**Your assignment**
Only one number is wanted: the count of lines in the records below that hold the word "photo".

►

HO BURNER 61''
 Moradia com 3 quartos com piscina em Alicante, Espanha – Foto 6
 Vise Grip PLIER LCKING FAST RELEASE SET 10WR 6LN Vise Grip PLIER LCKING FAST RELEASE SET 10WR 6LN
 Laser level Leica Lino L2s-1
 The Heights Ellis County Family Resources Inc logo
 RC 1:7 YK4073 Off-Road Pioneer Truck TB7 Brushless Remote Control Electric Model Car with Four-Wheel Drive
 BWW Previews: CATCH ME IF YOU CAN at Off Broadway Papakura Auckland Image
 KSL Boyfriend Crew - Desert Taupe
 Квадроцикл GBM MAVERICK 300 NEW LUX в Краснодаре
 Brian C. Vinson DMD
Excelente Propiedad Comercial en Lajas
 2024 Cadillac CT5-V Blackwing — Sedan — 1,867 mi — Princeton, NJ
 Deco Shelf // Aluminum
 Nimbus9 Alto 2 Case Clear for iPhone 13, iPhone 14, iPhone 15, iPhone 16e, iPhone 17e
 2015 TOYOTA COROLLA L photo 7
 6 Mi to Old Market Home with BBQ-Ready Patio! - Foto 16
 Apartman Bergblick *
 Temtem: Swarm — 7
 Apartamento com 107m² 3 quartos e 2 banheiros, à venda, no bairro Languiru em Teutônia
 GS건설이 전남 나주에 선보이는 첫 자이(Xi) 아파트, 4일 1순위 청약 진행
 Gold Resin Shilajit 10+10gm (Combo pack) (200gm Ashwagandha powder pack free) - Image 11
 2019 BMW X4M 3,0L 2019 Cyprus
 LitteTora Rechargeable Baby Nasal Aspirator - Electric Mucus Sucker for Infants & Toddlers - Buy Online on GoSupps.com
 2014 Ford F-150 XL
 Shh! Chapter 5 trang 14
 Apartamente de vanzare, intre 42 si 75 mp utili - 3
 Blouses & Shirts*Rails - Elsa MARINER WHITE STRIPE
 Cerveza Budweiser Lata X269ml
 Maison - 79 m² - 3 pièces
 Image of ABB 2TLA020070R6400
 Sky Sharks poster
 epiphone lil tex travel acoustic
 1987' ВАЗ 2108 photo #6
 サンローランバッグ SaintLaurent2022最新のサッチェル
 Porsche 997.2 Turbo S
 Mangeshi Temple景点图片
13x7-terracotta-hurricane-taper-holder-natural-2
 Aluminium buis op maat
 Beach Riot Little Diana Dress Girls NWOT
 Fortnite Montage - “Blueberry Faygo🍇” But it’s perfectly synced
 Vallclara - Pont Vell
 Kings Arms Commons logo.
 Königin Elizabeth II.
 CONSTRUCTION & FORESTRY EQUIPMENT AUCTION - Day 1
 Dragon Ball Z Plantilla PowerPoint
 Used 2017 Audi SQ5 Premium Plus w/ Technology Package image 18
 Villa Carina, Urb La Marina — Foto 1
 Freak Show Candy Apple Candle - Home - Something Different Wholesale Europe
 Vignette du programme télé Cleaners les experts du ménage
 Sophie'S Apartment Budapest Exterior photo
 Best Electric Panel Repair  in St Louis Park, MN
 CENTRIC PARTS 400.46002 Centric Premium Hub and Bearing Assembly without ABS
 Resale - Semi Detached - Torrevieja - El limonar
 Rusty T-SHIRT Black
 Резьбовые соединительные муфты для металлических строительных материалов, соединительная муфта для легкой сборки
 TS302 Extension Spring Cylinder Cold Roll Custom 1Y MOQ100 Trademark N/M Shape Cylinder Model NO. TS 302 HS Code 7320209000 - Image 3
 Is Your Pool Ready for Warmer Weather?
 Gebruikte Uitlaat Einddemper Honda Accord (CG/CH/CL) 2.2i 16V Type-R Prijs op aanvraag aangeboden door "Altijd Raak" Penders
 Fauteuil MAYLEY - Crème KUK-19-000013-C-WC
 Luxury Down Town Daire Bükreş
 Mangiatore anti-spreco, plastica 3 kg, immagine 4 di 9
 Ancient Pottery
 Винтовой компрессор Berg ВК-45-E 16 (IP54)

◄

**Completed task**
3